Sue Tygielski, the Reid Park Zoo’s elephant manager, has the skinny on Tucson’s big baby.

Age: Five months on Tuesday, Jan. 20. The herd is planning something for Nandi’s 6-month birthday in February, Tygielski says.

Weight: About 600 pounds.

Nandi’s first Christmas: The herd woke on Christmas morning to an exhibit covered in enrichment items. “She had boxes wrapped with fruit inside, and she also had boxes that had beet pulp, which they like,” Tygielski says. But instead of eating the goodies, Nandi took the typical, kid approach. “She hadn’t had a lot of paper before that. It was her first experience ripping paper and waving it around like a giant flag. She had a lot of fun. She didn’t eat the contents like the other elephants. She just played with the box.”

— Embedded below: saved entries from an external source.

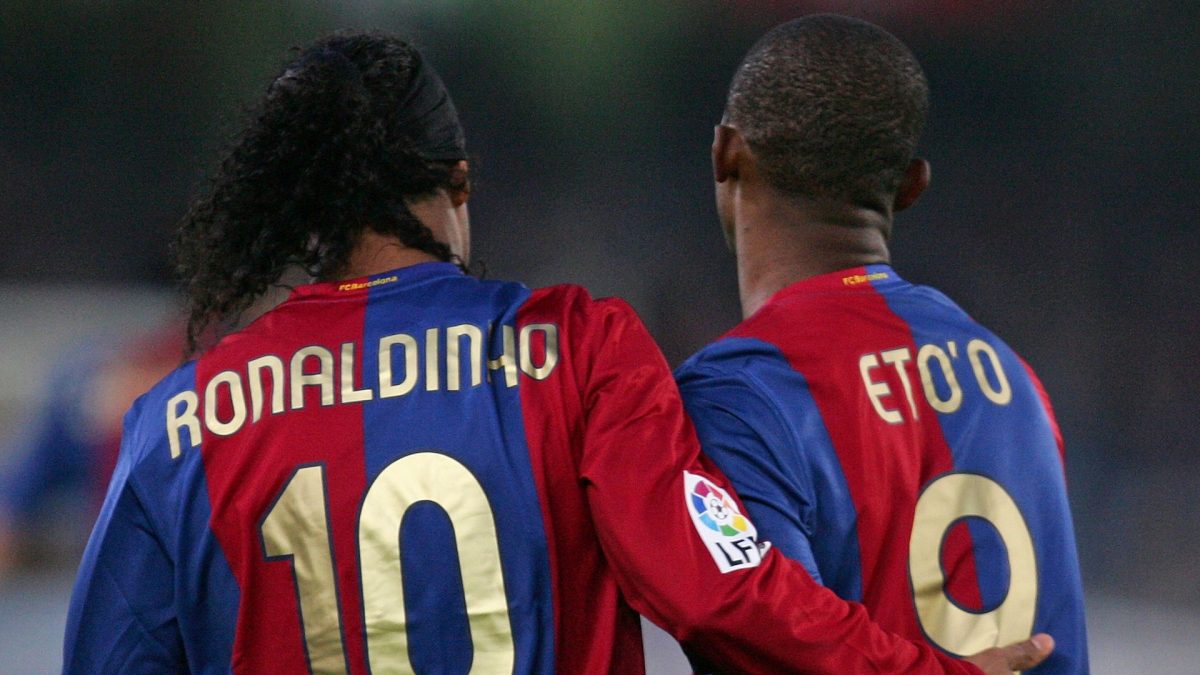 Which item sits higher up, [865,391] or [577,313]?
[577,313]

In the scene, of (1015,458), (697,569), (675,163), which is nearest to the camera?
(697,569)

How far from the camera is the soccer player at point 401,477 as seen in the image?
137cm

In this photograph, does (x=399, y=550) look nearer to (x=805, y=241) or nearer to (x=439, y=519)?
(x=439, y=519)

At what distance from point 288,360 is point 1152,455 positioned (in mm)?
6863

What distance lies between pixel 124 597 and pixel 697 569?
0.61 m

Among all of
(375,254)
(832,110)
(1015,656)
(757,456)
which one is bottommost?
(1015,656)

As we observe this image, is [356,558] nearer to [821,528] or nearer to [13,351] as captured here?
[821,528]

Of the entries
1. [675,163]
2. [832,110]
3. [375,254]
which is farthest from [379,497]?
[675,163]

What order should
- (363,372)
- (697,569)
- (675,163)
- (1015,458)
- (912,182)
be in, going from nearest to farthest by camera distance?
(697,569) → (363,372) → (1015,458) → (912,182) → (675,163)

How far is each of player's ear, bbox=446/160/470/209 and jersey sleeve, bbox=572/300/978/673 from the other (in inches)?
11.6

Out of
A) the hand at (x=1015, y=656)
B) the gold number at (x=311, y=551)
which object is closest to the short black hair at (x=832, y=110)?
the hand at (x=1015, y=656)

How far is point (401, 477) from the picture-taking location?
4.58 ft

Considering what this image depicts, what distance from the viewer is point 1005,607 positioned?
1530 mm

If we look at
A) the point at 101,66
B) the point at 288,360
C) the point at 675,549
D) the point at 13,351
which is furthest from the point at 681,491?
A: the point at 101,66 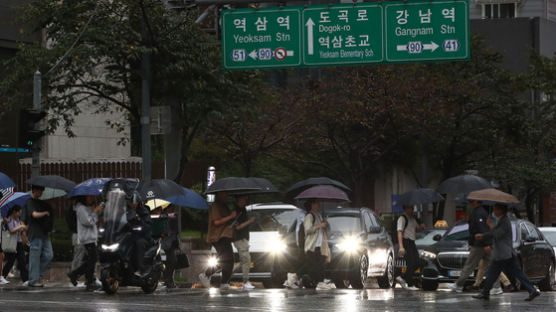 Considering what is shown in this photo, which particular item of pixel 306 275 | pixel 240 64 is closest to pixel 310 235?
pixel 306 275

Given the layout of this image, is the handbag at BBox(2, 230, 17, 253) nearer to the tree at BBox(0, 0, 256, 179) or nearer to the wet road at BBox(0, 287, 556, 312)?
the wet road at BBox(0, 287, 556, 312)

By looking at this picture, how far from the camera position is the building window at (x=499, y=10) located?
73.9m

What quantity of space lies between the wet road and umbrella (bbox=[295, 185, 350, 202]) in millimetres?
2541

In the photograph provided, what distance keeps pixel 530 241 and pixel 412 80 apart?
20.9 metres

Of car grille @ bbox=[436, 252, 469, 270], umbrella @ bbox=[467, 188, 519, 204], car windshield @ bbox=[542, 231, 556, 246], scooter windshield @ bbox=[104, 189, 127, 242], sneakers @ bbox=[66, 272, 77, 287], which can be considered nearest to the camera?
scooter windshield @ bbox=[104, 189, 127, 242]

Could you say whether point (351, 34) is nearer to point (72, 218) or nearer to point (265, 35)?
point (265, 35)

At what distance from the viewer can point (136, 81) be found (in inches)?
1146

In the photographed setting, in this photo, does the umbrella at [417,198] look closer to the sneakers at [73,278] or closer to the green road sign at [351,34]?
the green road sign at [351,34]

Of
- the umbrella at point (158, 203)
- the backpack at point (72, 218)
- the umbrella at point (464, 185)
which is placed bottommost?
the backpack at point (72, 218)

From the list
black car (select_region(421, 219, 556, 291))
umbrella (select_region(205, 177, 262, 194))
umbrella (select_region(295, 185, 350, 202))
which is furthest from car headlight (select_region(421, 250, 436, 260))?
umbrella (select_region(205, 177, 262, 194))

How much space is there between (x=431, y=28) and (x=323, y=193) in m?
6.00

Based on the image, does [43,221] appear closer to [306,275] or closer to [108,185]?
[108,185]

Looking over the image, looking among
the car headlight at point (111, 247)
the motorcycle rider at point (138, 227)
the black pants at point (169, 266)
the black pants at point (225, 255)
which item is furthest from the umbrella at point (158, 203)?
the car headlight at point (111, 247)

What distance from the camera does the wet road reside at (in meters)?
15.6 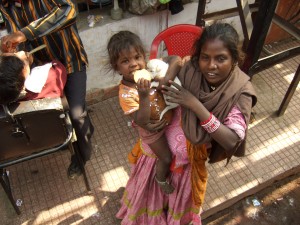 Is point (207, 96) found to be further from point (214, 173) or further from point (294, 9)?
point (294, 9)

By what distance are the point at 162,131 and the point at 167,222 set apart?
1.04 meters

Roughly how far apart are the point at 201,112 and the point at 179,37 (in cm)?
128

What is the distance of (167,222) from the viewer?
2.58 m

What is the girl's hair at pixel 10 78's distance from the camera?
5.78ft

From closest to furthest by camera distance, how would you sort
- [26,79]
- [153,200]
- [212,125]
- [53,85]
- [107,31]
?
[212,125] < [26,79] < [53,85] < [153,200] < [107,31]

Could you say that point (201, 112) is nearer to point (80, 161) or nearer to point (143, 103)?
point (143, 103)

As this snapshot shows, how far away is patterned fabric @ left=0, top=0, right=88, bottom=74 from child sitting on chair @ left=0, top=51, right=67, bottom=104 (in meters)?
0.22

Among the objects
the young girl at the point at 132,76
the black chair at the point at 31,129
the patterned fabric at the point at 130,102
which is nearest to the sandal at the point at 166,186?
the young girl at the point at 132,76

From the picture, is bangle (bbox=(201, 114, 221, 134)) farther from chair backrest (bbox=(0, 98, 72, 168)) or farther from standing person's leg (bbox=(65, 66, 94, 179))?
standing person's leg (bbox=(65, 66, 94, 179))

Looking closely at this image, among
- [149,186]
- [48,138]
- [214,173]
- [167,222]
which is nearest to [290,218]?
[214,173]

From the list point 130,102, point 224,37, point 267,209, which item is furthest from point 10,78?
point 267,209

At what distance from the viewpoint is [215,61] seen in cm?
156

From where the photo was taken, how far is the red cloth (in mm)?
2031

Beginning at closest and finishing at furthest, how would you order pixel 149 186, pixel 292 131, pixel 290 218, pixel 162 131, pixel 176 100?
pixel 176 100 < pixel 162 131 < pixel 149 186 < pixel 290 218 < pixel 292 131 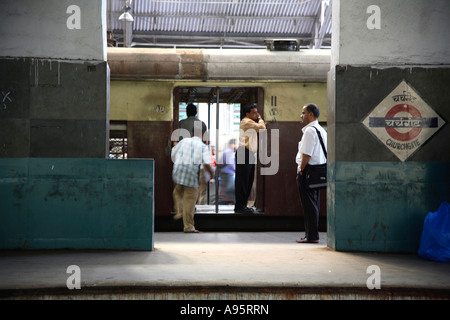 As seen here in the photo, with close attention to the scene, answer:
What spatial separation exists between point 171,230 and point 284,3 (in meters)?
8.03

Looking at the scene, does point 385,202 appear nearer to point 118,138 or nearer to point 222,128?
point 118,138

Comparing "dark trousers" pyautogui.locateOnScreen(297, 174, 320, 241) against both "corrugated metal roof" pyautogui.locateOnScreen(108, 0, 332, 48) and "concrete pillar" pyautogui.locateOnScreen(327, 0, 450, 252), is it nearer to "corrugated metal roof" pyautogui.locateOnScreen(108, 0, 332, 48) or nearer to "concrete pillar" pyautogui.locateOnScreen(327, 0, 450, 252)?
"concrete pillar" pyautogui.locateOnScreen(327, 0, 450, 252)

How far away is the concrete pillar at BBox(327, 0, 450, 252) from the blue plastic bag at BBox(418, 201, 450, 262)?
0.31 metres

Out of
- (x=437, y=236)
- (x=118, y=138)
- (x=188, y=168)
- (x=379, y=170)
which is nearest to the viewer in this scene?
(x=437, y=236)

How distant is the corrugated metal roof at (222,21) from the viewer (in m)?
14.5

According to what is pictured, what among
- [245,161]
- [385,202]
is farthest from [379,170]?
[245,161]

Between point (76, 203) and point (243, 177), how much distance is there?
150 inches

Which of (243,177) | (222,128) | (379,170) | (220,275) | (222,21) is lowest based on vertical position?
(220,275)

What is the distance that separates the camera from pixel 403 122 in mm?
5883

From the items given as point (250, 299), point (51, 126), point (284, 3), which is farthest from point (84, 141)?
point (284, 3)

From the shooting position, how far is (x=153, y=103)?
898cm

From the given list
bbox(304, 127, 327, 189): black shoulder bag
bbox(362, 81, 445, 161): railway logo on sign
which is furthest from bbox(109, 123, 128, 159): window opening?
bbox(362, 81, 445, 161): railway logo on sign

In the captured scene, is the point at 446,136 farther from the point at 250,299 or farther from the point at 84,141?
the point at 84,141

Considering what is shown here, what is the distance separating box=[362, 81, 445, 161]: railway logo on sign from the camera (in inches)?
231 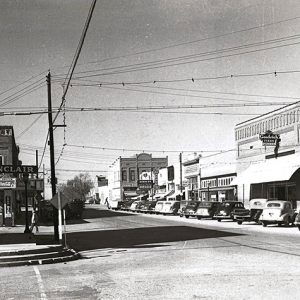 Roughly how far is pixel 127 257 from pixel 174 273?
4340mm

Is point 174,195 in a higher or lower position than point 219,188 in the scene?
lower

Nandi’s keepers also gave her a large, plastic cube that momentarily frightened her. “She ran up to it and trumpeted and bumped into it with her head and stepped on it. She stood on it like, ‘I’m going to smash this,’” Tygielski says.

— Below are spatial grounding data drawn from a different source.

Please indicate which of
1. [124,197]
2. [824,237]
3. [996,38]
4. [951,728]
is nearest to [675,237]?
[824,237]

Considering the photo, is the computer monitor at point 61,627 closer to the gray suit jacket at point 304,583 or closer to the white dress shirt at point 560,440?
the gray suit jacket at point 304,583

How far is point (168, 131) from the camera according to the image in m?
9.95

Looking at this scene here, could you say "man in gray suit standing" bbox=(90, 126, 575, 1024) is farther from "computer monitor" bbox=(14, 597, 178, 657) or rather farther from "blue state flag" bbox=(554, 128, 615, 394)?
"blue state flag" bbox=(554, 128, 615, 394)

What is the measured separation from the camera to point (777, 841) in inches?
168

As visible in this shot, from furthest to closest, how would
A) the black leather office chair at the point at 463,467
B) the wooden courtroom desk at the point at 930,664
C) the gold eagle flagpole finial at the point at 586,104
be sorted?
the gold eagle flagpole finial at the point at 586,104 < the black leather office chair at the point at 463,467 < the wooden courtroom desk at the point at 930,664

That white stuff: Unlike the rest of the city, Nandi took the weather in stride. The exhibit had more frost than snow on New Year’s Eve, Tygielski says. “They didn’t react to the fog ... For us, we call them, and they come across the exhibit, and they just appear. It was kind of spooky. You don’t hear their feet. They walk silently.”

Independence: Nandi no longer needs Mom around 24/7, Tygielski says. Instead, she spends more time with other members of the herd, hanging out with Dad even when Semba is across the exhibit. “She will stay in the barn and play while her mom goes out to exhibit. She wants to go into all the rooms in the barn, so it takes longer to get her out. It’s a pain in the butt, but it’s cute. She is becoming an explorer, more confident.”

Milking it: Ninety percent of Nandi’s nutrition still comes from nursing, but she now nurses for longer amounts of time but less frequently. Hay and pellets have also become more usual munchies for the baby elephant. “She doesn’t just play with them in her mouth,” Tygielski says. The keepers use pellets to reward the elephants for responding, so until Nandi sees them as a treat, she has no incentive to recognize her name.

Slip and slide: “In the mud I almost felt sorry for her,” Tygielski says. “It was raining a few days in a row … The older elephants know to walk slow when it’s slippery, but she was trying to run in it. She fell almost six times, flopped in the mud and kept going. She had to slow down to get to the barn. Mom didn’t help her. She looked at her like, ‘Figure it out, kid.’”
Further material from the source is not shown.